WAML
- Collins, Mississippi; United States;
- Broadcast area: Hattiesburg, Mississippi
- Frequency: 1340 kHz

Programming
- Format: Gospel

Ownership
- Owner: Charles Tillman; (Tillman Broadcasting Network, Inc.);
- Sister stations: WCHJ

History
- First air date: August 15, 1927
- Former call signs: KGGH (1927-1929) KTSL (1929-1931) WTSL (1931-1933)
- Call sign meaning: W AM (radio) Laurel

Technical information
- Licensing authority: FCC
- Facility ID: 52617
- Class: C
- Power: 1,000 watts
- Transmitter coordinates: 31°38′04.60″N 89°34′23.30″W﻿ / ﻿31.6346111°N 89.5731389°W
- Translators: W236DD (95.1 MHz, Collins)

Links
- Public license information: Public file; LMS;

= WAML (AM) =

WAML (1340 AM) is an American radio station that is licensed to serve the community of Collins, Mississippi. WAML operates with a licensed power of 1,000 Watts. WAML airs a gospel format that can also be heard on FM translator W236DD 95.1 MHz. Both are owned by Charles Tillman, through licensee Tillman Broadcasting Network, Inc.

==History==
WAML went on the air on August 15, 1927 as KGGH in Cedar Grove (Shreveport), Louisiana, broadcasting at 1410 kHz. Some years later, the station went to 1340 kHz in Laurel, Mississippi. It was Laurel's first radio station.

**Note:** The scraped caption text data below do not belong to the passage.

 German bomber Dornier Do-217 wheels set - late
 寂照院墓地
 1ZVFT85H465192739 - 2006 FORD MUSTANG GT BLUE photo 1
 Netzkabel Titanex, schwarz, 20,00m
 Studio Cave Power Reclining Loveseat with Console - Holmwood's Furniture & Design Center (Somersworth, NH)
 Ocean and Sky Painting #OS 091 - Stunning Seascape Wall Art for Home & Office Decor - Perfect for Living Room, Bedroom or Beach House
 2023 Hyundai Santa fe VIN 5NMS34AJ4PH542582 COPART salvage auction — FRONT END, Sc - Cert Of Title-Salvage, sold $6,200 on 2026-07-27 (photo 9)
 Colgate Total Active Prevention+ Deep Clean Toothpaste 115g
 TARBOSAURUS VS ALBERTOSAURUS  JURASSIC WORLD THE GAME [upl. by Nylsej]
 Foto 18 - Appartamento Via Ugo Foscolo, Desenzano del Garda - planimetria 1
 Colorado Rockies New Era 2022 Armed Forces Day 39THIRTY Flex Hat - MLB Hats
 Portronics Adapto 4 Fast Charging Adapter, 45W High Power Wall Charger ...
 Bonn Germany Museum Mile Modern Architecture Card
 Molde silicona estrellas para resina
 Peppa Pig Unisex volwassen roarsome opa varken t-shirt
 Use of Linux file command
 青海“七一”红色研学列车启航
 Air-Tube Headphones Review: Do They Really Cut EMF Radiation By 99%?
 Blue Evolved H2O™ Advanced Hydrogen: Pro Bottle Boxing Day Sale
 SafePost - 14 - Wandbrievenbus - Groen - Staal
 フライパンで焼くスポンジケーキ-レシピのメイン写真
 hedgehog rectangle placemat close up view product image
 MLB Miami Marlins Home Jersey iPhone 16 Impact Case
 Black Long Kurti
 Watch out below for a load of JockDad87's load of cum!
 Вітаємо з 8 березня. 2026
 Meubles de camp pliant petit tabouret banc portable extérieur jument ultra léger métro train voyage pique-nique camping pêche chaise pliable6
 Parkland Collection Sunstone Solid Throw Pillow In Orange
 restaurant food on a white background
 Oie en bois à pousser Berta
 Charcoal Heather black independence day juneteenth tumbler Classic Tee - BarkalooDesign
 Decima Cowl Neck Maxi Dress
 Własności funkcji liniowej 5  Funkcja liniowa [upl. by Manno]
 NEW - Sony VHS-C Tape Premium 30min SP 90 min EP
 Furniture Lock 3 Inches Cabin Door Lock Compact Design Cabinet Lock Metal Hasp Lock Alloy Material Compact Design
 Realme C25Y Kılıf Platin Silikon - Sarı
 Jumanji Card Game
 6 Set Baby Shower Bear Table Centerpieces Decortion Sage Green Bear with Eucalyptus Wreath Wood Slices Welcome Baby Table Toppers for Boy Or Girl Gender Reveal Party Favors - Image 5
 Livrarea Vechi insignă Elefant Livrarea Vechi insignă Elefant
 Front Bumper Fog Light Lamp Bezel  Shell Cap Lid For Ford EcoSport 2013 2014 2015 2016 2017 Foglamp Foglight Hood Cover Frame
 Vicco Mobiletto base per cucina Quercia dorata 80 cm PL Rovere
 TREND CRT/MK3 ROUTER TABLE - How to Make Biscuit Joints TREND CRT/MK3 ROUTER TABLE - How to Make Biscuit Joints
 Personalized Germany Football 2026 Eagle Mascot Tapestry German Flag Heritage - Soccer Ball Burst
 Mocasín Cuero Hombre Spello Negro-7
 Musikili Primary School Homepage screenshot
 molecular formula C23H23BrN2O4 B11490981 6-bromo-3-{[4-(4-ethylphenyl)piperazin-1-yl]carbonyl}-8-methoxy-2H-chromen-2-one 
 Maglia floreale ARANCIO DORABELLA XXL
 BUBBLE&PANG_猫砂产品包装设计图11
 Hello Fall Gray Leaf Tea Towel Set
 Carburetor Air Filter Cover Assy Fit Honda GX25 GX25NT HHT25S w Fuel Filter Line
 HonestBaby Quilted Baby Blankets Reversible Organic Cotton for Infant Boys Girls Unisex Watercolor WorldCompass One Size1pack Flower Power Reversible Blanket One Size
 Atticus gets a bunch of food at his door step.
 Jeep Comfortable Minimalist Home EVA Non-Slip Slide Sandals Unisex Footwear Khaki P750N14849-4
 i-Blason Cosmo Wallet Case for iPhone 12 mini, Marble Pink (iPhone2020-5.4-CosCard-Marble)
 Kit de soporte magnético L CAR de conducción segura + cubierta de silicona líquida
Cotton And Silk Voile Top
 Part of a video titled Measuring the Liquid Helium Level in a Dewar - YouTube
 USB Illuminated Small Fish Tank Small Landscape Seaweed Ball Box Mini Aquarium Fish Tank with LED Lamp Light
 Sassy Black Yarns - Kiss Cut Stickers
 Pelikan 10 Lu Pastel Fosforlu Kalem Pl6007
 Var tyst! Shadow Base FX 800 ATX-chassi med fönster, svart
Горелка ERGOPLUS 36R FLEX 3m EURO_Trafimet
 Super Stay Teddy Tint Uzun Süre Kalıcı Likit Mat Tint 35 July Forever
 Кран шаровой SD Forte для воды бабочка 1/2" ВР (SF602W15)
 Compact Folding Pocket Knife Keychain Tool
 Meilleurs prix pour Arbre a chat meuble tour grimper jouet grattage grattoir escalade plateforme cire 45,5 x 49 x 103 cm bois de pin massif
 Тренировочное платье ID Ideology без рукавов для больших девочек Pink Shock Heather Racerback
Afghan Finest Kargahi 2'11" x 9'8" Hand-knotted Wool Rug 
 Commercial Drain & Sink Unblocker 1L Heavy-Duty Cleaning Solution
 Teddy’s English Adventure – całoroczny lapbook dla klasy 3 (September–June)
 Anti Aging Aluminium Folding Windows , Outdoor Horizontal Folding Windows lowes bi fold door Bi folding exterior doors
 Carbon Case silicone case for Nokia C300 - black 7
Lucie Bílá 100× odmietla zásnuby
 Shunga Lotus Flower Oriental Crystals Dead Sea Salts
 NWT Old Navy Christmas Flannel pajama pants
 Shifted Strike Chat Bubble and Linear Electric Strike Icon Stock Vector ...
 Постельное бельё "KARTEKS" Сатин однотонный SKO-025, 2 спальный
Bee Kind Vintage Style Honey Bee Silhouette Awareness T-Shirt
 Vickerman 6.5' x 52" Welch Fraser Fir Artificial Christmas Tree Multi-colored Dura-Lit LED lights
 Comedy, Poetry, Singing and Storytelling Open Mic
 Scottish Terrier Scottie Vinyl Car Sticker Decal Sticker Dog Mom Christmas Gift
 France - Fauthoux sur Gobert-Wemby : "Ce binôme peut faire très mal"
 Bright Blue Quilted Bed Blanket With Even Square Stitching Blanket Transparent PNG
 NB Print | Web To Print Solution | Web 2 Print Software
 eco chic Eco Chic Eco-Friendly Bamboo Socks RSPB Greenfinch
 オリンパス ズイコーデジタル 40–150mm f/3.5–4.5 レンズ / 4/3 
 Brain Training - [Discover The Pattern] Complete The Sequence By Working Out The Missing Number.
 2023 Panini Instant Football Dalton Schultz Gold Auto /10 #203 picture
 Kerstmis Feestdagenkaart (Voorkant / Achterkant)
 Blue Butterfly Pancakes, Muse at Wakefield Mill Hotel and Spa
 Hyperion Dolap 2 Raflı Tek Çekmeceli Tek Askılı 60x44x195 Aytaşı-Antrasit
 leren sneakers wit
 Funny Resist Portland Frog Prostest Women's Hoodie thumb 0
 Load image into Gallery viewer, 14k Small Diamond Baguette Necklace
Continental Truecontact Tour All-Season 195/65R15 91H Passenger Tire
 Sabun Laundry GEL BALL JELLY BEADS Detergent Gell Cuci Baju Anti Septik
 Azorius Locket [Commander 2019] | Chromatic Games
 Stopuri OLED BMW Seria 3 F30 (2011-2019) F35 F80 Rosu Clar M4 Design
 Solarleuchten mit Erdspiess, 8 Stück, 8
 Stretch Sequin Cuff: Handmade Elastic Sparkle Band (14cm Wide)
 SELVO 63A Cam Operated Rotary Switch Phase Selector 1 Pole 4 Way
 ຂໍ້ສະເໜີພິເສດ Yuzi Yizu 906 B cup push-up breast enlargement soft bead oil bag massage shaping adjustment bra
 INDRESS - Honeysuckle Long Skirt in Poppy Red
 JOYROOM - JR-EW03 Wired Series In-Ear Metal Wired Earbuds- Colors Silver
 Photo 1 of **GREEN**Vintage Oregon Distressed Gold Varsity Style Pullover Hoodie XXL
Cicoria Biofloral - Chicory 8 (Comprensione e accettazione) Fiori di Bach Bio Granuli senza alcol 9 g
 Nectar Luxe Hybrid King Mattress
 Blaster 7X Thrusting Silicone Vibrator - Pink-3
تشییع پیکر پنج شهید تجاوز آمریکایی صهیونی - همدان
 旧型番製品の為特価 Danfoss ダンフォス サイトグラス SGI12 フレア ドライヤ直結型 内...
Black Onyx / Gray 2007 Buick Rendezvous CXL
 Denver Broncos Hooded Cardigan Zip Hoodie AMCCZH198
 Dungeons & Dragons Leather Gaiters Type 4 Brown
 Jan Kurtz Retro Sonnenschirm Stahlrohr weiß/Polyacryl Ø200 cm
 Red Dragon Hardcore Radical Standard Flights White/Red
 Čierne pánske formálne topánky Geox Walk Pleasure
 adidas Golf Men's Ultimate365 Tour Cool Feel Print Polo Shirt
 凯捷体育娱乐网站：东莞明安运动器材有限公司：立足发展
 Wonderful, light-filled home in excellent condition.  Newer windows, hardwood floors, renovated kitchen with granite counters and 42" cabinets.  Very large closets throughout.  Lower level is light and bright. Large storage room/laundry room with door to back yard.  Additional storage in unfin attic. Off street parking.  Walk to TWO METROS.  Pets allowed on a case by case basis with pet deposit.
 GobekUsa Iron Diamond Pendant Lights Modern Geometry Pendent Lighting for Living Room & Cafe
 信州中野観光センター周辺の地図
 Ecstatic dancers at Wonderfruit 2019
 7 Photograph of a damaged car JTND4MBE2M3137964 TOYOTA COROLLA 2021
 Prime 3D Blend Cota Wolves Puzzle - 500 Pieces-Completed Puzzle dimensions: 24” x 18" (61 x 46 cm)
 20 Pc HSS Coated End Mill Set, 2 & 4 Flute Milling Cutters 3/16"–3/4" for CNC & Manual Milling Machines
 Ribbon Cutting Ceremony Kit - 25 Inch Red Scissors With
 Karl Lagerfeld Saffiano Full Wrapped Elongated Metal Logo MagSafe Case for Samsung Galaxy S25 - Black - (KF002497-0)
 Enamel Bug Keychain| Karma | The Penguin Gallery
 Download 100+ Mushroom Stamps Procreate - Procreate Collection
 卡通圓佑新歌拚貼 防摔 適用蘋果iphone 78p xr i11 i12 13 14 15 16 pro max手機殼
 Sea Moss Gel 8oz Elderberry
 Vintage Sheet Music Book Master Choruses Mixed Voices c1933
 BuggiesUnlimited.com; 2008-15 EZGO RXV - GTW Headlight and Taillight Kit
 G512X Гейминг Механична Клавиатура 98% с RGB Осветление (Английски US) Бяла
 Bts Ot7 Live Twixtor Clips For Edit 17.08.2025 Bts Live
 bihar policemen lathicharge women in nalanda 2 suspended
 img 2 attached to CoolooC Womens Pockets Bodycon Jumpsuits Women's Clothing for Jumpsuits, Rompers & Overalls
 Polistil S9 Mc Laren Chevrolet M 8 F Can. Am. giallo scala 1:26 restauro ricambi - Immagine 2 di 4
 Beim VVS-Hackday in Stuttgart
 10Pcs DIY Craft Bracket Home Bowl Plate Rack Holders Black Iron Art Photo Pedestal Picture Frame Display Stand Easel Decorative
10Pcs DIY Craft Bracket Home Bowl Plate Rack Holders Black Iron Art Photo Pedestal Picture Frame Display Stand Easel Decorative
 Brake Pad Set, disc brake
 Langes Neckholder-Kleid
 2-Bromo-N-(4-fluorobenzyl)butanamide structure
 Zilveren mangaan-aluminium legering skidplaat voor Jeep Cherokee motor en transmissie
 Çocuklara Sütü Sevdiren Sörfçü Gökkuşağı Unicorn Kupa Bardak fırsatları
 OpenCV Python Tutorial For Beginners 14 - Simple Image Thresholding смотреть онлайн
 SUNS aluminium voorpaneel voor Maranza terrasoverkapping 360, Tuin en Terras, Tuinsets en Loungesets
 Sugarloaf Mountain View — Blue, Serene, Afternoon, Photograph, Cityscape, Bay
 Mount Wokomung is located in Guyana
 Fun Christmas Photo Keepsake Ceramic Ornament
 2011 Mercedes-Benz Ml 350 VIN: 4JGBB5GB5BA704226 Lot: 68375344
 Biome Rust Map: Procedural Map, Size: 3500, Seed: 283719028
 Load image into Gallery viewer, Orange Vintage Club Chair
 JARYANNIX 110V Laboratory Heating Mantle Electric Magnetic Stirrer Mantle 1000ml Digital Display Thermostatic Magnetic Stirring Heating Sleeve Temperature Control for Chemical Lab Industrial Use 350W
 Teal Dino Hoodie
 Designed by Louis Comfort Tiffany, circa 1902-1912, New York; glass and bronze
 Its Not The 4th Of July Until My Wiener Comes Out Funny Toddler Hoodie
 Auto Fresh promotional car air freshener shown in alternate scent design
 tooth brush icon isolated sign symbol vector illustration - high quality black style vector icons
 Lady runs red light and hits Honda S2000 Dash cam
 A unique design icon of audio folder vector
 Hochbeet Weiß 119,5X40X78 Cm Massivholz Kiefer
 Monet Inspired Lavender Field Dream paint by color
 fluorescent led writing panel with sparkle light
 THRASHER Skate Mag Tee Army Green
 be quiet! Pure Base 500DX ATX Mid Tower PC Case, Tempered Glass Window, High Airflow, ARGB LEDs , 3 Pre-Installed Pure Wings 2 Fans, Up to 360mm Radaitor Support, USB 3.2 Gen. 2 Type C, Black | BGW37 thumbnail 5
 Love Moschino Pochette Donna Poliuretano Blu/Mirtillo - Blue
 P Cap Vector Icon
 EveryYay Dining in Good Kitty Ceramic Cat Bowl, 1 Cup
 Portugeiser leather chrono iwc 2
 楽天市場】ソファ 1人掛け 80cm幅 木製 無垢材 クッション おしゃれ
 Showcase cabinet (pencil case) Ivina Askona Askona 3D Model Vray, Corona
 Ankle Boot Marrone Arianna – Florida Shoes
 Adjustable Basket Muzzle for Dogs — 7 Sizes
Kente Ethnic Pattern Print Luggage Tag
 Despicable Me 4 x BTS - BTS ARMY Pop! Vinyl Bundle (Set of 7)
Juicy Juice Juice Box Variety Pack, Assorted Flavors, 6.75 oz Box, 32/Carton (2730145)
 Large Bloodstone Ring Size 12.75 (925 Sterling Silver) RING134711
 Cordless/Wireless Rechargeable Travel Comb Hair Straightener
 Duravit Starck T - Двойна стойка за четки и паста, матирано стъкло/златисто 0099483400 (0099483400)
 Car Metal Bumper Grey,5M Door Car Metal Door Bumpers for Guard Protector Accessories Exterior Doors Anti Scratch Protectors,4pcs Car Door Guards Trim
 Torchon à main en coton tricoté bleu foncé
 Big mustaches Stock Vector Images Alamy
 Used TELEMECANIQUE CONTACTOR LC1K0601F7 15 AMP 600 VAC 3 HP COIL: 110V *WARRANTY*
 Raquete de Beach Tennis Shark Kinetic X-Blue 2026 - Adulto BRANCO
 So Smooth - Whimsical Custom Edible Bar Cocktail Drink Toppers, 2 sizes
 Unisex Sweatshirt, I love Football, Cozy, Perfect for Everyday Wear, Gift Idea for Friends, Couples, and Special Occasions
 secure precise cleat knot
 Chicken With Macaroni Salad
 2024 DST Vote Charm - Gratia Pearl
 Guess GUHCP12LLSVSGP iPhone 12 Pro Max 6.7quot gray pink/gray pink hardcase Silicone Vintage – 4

WAML was a country music, Top 40, easy listening, big band, oldies and gospel music station over its lifetime. In the early 1980s, the station's management elected to fully automate WAML along with a sister FM station, WEEZ which played easy listening and soft rock until WEEZ was sold in the 1990s. WAML was an affiliate of the Ole Miss Radio Network, broadcasting football and basketball games of the University of Mississippi. In addition, they broadcast Laurel High School football games. They were also an NBC radio affiliate at one time. WAML has had numerous owners and format changes since.